Global Tax Rules And Historical Imbalance
International tax rules were designed over a century ago, during a colonial era that excluded much of today’s Global South from decision-making. Modern economies now operate across borders and digital platforms, yet outdated frameworks still govern how profits are taxed.
OECD-led systems, created without representation from African nations, continue to dominate global tax policy. This imbalance favors wealthier countries and multinational corporations while limiting developing nations’ ability to collect revenue where economic activity actually occurs.
Tax policy directly influences social stability. Rising inequality has fueled protests and political unrest across many regions. Kenyan demonstrations in 2024 highlighted public resistance to tax proposals targeting basic necessities such as menstrual products and mobile money transactions used by informal workers.

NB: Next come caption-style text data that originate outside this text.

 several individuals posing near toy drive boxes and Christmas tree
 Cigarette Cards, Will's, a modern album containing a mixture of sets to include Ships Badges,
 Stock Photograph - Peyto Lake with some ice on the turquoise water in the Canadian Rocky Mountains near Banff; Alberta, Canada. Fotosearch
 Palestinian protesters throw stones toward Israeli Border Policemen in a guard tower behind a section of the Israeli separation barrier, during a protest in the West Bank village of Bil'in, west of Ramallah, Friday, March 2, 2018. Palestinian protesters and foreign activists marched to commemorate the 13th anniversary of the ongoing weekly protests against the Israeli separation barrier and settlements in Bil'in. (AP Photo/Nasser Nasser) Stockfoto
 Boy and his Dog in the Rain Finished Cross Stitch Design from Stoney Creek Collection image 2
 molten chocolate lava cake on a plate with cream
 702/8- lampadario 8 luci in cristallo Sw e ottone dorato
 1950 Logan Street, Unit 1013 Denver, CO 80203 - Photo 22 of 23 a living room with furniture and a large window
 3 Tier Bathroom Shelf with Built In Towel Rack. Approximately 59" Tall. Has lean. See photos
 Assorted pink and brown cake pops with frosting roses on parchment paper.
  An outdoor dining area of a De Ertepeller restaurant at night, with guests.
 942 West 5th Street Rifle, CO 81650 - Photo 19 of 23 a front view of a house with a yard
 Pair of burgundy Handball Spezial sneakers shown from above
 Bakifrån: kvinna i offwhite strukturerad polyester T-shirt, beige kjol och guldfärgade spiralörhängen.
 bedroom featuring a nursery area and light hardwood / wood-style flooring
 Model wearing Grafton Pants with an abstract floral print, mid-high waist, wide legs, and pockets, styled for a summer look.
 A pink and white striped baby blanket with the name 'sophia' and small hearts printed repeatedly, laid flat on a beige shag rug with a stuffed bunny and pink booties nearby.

Economic frustration linked to unfair taxation often strengthens authoritarian tendencies and erodes trust in democratic institutions. Fair taxation, by contrast, supports social cohesion and long-term stability.
Cross-border tax rules allow corporations to exploit loopholes through practices like transfer pricing. Treating subsidiaries as separate entities enables profit shifting to low-tax jurisdictions, triggering a global race to the bottom on corporate tax rates.
Digital businesses worsen this challenge by earning significant revenue in countries where they pay little or no tax. Shell companies and offshore accounts further obscure accountability, making enforcement difficult.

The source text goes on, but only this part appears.